ネーミングによって、これほど衝撃が走ったのは久しぶりです。「こっ、これは」という驚きと、後をひく鈍痛。テレビからは世間のどよめきが見て取れました。そしてこのネーミングを咀嚼していくうちに「この感じ、前にも味わったことがあるぞ」という思いが脳裏をよぎったんです・・そして「ハッ、アレだ」と思い出しました。「そうだ、奈良のマスコットキャラクター“せんとくん”の時と一緒だ」と気づいたのです。一目見たらこびりついて離れないルックス。パッと見のインパクトとめまい。「選考委員は体調悪かったのか?」と架空の理由をつけてもなお、すんなりとは受け入れられない鹿童子。泣く子がいるのも納得の違和感と、妖怪に近い感じがするあの微笑。手つきもぎこちないし、人間でもなければ、鹿でもない。かといって決して神様にも見えない・・という、多くの人が困惑したであろうその存在。あれはちょっとしたコンフューズ。

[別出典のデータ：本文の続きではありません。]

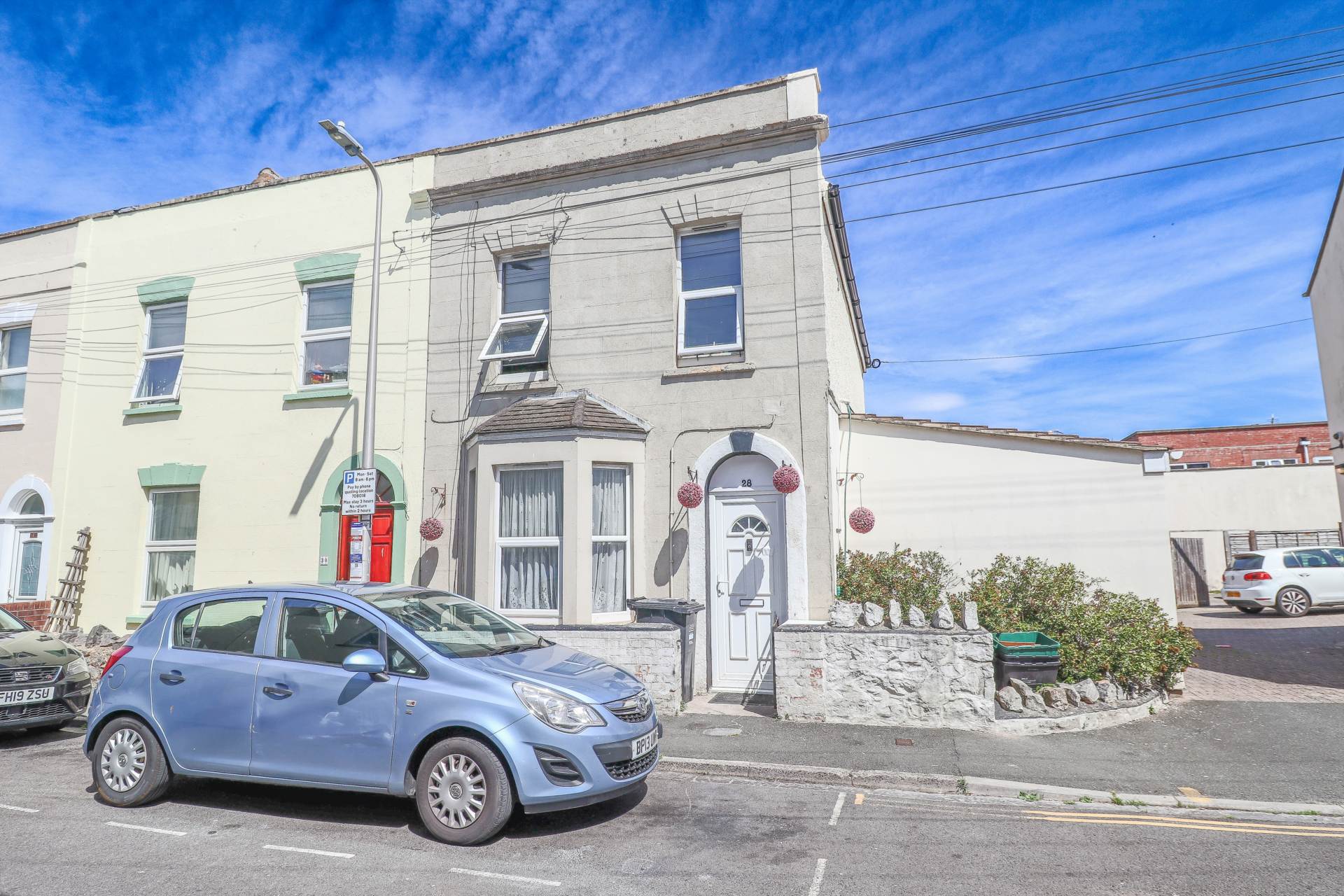 Hopkins Street, Town Centre - Investment Opportunity - 2 Flats, Image 1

食わず嫌いはしないでおこう、は常に胸に留めている永久キャンペーン。そのおかげでワタシの中にせんとくん抗体ができたのか。もしくはせんと教の悟りを開いたのか。以後つづく「ゆるキャラ」なるものの類は、ちょっとやそっとでは驚かなくなりました。ふなっしーのキレキレダンスも緑茶すすりながら、孫のおゆうぎ会を見るようなまなざしで温かく見守っているワタシがいます。その時に改めてせんとくんや、母さん助けて詐欺がぶっとい注射になり、たしかに抗体となって効いていることに気づいたんです。そしてよ~く見ると、せんとくんもそれなりにカワイイし、愛着が沸いてくるからフシギですよね。あの合掌する手つきも、時おり神々しく見えなくもない・・

あらゆるネーミングも、ゆるキャラが開拓してくれた新文化も、いくばくの拒否反応こそあれど、徐々に受け入れられ、ゆくゆくは国民みんなで育てていくような楽しみと味わいがあるのが、とてもいいな~と思います。そう考えると、自分の名前もあなたの名前も、学校も企業も、ありとあらゆるものが育てていくことで愛され、親しまれていくんですよね。「田園調布に家が建つ」・・あ、これは星セント・ルイス師匠だったわ。